The Brier skill score is arguably the most important number here. It measures how well the model's probabilities are calibrated: whether a 60% forecast wins 60% of the time, whether a 30% forecast wins 30% of the time, and so on across the whole distribution. A model can pick winners at a high rate while still losing money if its probabilities are miscalibrated, and the Brier score penalizes that directly. Positive Brier skill plus above-breakeven accuracy across 2,400+ games is the statistical fingerprint of a working model.

When to Trust This Model (and When Not To)
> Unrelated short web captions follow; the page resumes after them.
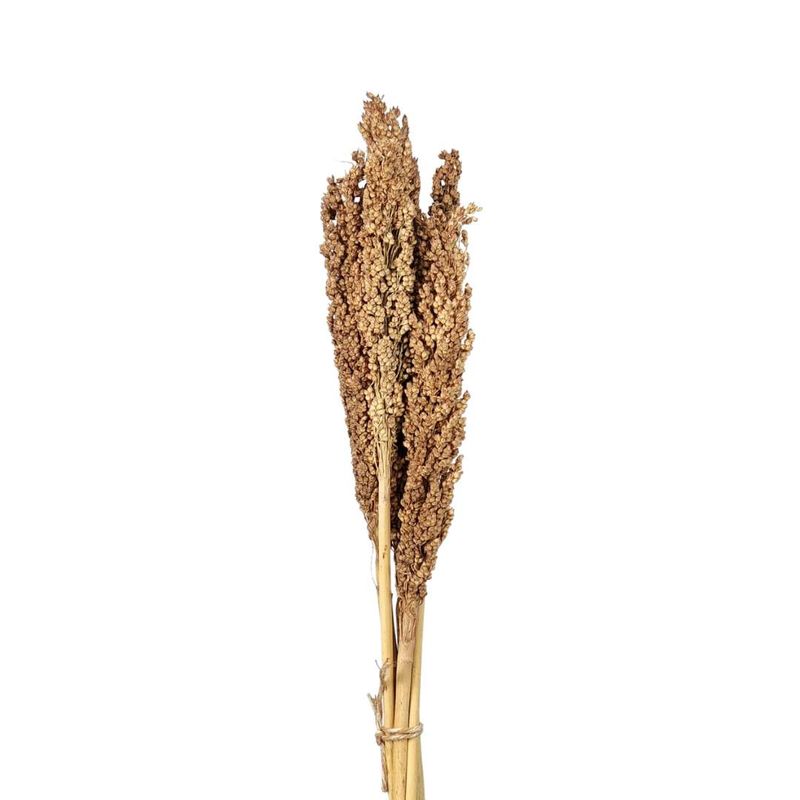Natural Sorghum Dried Flowers Plant - Set With 05 Branches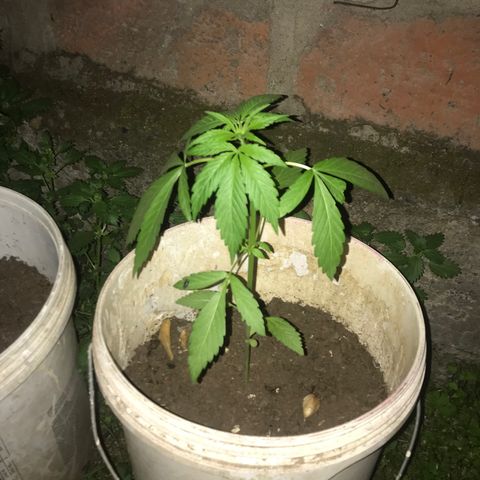 Cream Caramel growlog photo: Ya van más grandes pero con pocas hojas 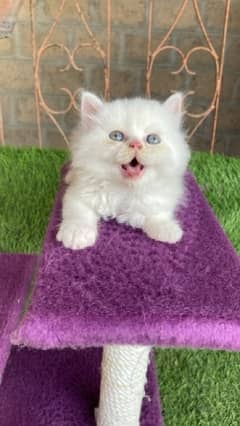 persian kittens available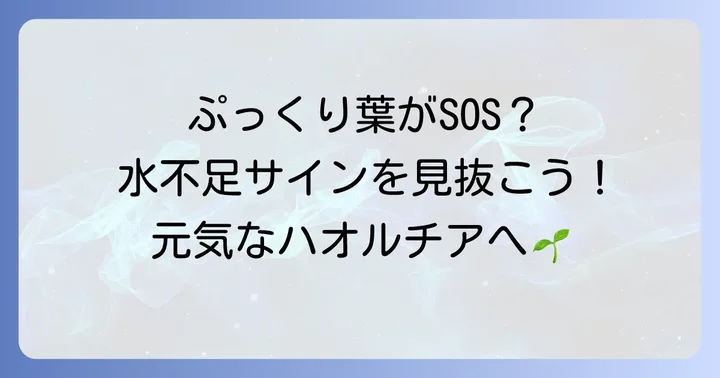 ハオルチア水不足のサインを見極める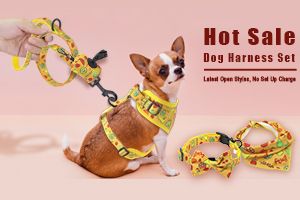 Diverse combinazioni di set di imbracature per cani per arricchire la tua categoria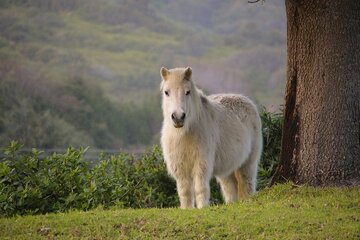 Bild der Petition Veganismus rettet die Welt, der Vorschlag auf die Vegane Gesetze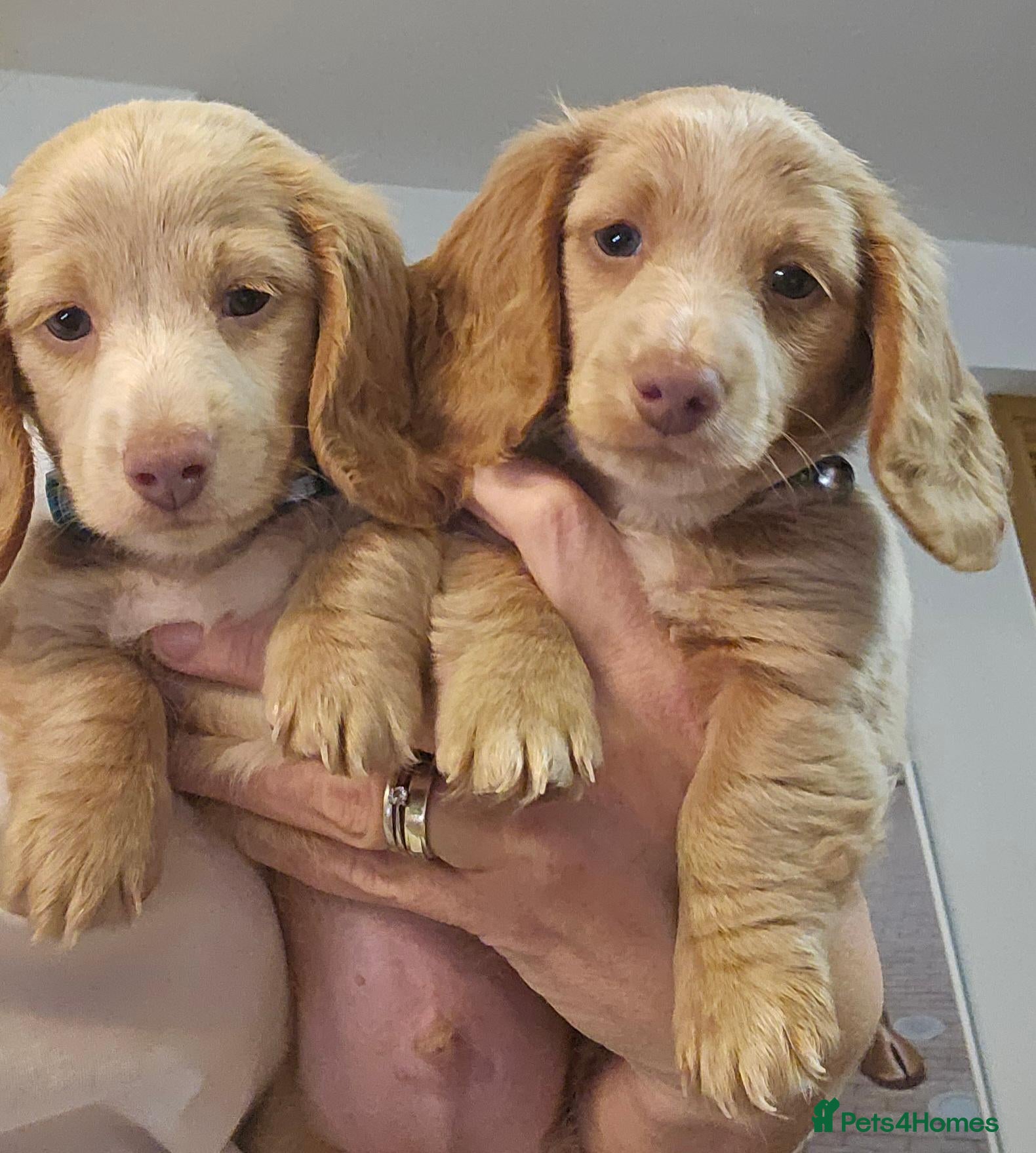 Miniature Dachshund dogs Ready to go! Gorgeous long haired pups - Advert 1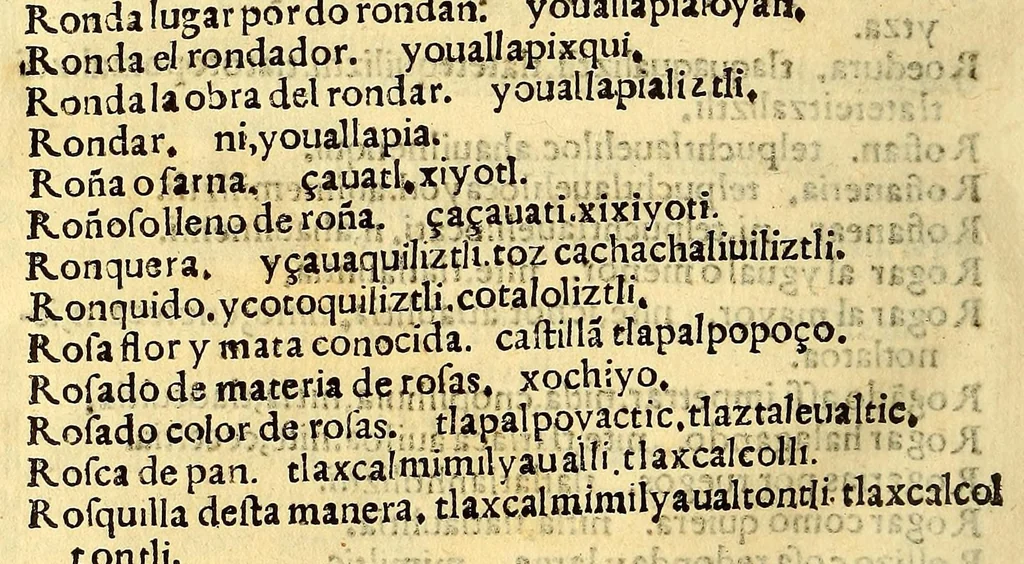 An illustration from Aqui comiença vn vocabulario enla lengua castellana y mexicana,, 1555, leaf 452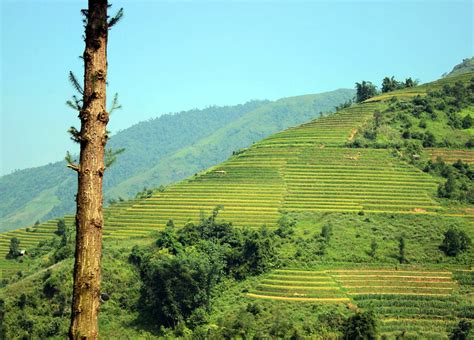 Sapa rice terraces, Hoi An Sapa Travel Photos, Images & Pictures of ...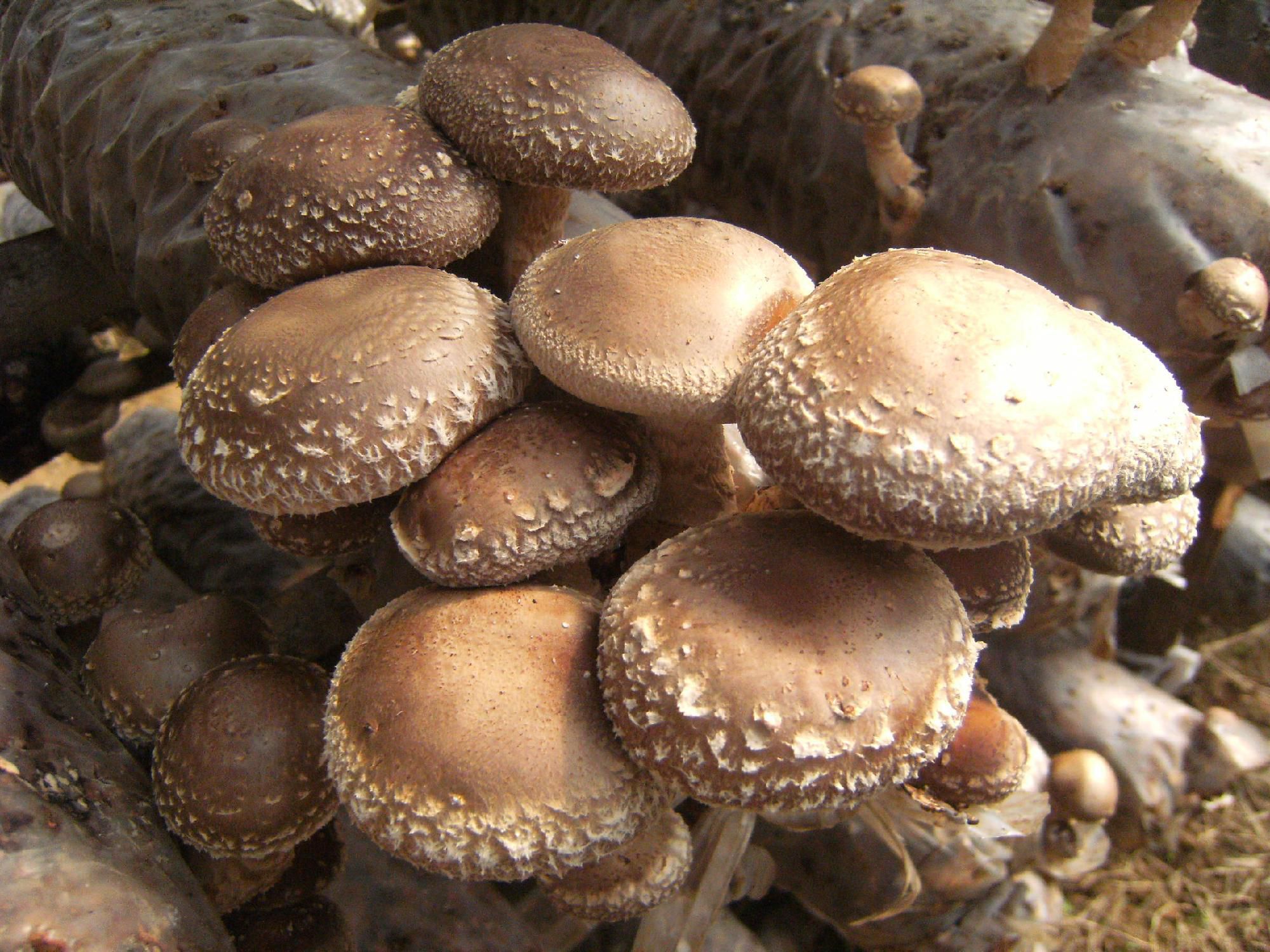 反季節(jié)種植香菇如何防畸形菇？(圖1)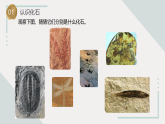 蘇教版科學(xué)六年級(jí)上冊 9《化石告訴我們什么》課件+教案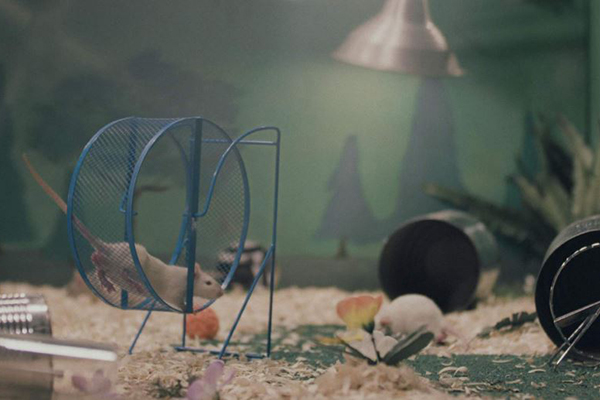 Realscreen » Archive » Exclusive clip Vice Studios preps first
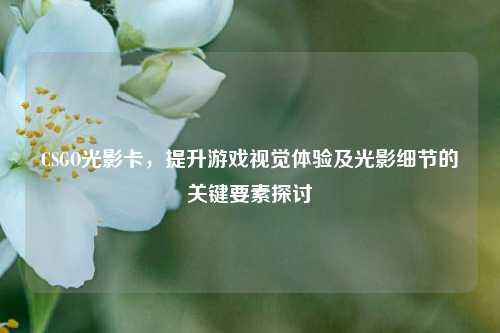 CSGO光影卡，提升游戏视觉体验及光影细节的关键要素探讨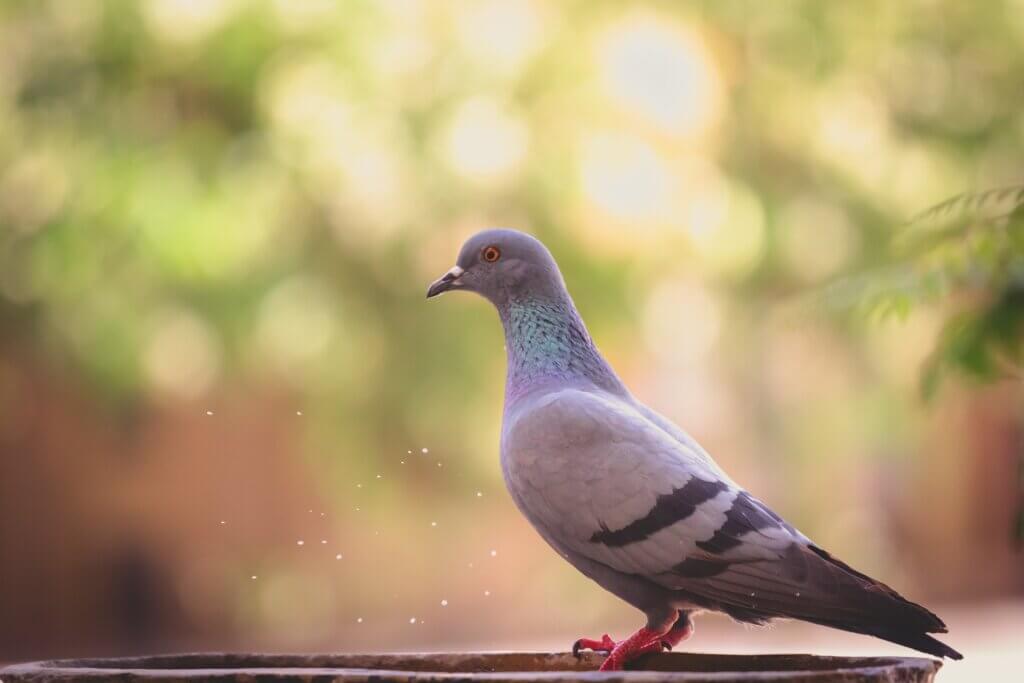 Image of pigeon for yoga feature from Unsplash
Every model has soft spots. Being honest about MLB's keeps you from over-betting situations the math doesn't actually cover well.

Trust it most

Games after mid-April, once starter samples are ~30+ IP
Confirmed starting pitchers (not "TBD")
Outdoor games with ingested weather data
Matchups between teams at least 20 games into the season
F5 (first 5 innings) markets, where pitcher signal is strongest

Trust it least

Opening Day through mid-April (small pitcher samples)
Bullpen or opener games (the pitcher rating assumes a true starter)
Spring training, exhibition, and international-series games (not supported)
Last-second lineup changes that the model hasn't re-ingested yet
Extremely rainy forecasts that could become rainouts

The parameter values on this page are rendered from the running system and refresh periodically; when a weight or threshold changes, this page reflects it automatically.